Importing CSV Data Into MySQL
Reading a CSV file and importing it into a MySQL Database With NodeJS

We’re going to be looking at how to read a CSV file and how to dump that data into a MySQL database.
Setting Everything Up
Lets go ahead and make sure we have these dependencies installed and imported
const fs = require('fs');
const mysql = require('mysql');
const csv = require('fast-csv');
Loading The CSV File
Next lets go ahead and create a read the data into an array
let stream = fs.createReadStream("my_file.csv");
Now we have our stream, lets use the CSV module and parse it. Note we listen for two events (data, end). The data event is when a new line of the CSV has been parsed, and the end event is once the file has been completely read.
let myArray = [];
let csvStream = csv
.parse()
.on("data", (data) => {
myArray.push(data);
})
.on("end", () => {
});
stream.pipe(csvStream);
For those of you who have already looked at a CSV file in a text editor, you may already be aware that the first line of the file is the column headers. We want to get rid of those, so lets just shift the array. This removes the first element of the array.
.on("end", function () {
myArray.shift();
}
Inserting Multiple Records
I have already covered how to insert multiple records easily in my post Insert Multiple Records Into MySQL. It may be worth you reading that before getting started on inserting the data into a database..
On the event event, we’re going to just open up a new database connection, and bulk insert the records into the database using the MySQL’s native bulk insert functionality.
.on("end", function () {
// remove the first element in the array
myArray.shift();
// create a new connection to the database
const connection = mysql.createConnection({
host: 'localhost',
user: 'username',
password: 'super_secure_password',
database: 'database_name'
});
// open the connection
connection.connect((error) => {
if (error) {
console.error(error);
} else {
let query: string = 'INSERT INTO table (field1, field2, field3, field4) VALUES ?';
connection.query(query, [myArray], (error, response) => {
if(error) {
console.log(error);
} else {
console.log(response); // x records inserted
});
}
});
}
Known Bugs
Packet Too Large
There’s a few issues I’ve had when implementing this. As discussed in the Insert Multiple Records Into MySQL, having a large CSV file can lead to the database throwing an error due to a large packet file exceeding the ‘maximum_allowed_packet’ variable. You can see an easy fix below for that.
I was trying to bulk insert around 180k records from a CSV file, and I kept getting an error. When I traced the error back to MySQL output in the console, I could see that my MySQL server was running with a fairly small ‘maximum_allowed_packet’.
In order to check what packet size you have set currently, just run the following command, and the one underneath it to update the variable.
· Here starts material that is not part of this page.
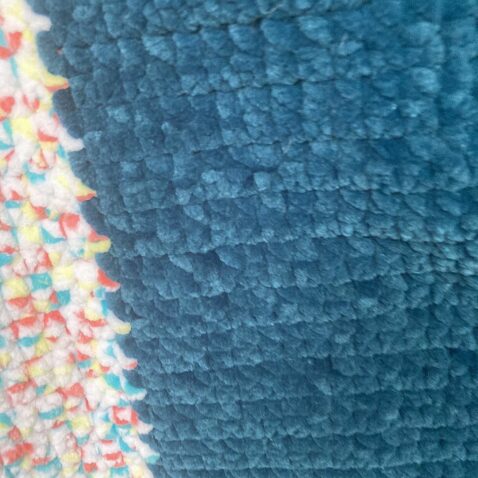 Couverture bleu canard avec cœur moucheté – Image 6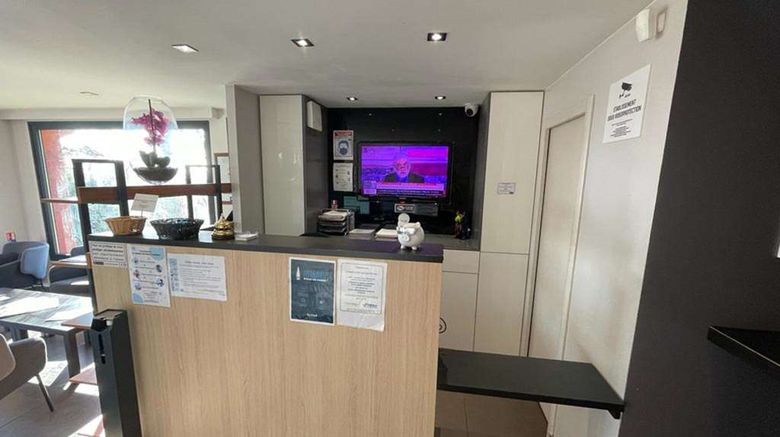 <b>Hotel Kyriad LYON SUD - Sainte Foy Lobby</b>. Images powered by <a href="https://iceportal.shijigroup.com/" title="IcePortal" target="_blank">IcePortal</a>.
show variables like 'max_allowed_packet';
set global max_allowed_packet=33554432;
Incorrect DateTime For MySQL
Something else I had to deal with, is the date field in the CSV did not match the DateTime field in the MySQL database. In order to solve this, I just looped through the array and replaced correct index of the element with a converted value. Something along the lines of this:
.on("end", function () {
myArray.shift();
for (let i = 0, len = myArray.length; i < len; i++) {
myArray[i][3] = convertToMysql(myArray[i][3]);
}
// ...
The ‘convertToMySQL on line 4 is a custom function I wrote. You will have to write your own as your input may differ from mine.
Side Note: If you don’t want to shift the array to remove the first index, you can pass an options object to the CSV Stream, see below
csv
.fromStream(stream, {headers : true})
Errors In The CSV
This one is kind of situational, but you can listen to two events that may help you here. One is the ‘error’ event, and the other is the ‘data-invalid’ event. The error event gets triggered when an error occurs such as the file not found, or not being CSV etc. The data-invalid will be called when a row has invalid data on it.
.on('error', (error) {
// error event handler
});
.on('data-invalid', (data) => {
// data was invalid
});
Side Note: “Any rows consisting of nothing but empty strings and/or commas will be skipped, without emitting a ‘data’ or ‘error’ event.”
Whole Thing
If you want to double check your code after reading through; it might look something like below.
const fs = require('fs');
const mysql = require('mysql');
const csv = require('fast-csv');
let stream = fs.createReadStream("path_to_my_file.csv");
let myData = [];
let csvStream = csv
.parse()
.on("data", function (data) {
myData.push(data);
})
.on("end", function () {
myData.shift();
// create a new connection to the database
const connection = mysql.createConnection({
host: 'localhost',
user: 'username',
password: 'super_secure_password',
database: 'database_name'
});
// open the connection
connection.connect((error) => {
if (error) {
console.error(error);
} else {
let query = 'INSERT INTO table (field1, field2, field3, fieldn) VALUES ?';
connection.query(query, [myData], (error, response) => {
console.log(error || response);
});
}
});
});
stream.pipe(csvStream);
And that just about does it for this. I hope you guys found it useful! If you have any issues or suggestions, please don’t hesitate to comment!
If there are millions of records then it myData will increase node memory
Thanks this was awesome.
Only issue I had was “con.query” instead of “connection.query”
Ah good catch! Will change that now, thanks š
Thank you for this.
No problem, glad you found this useful.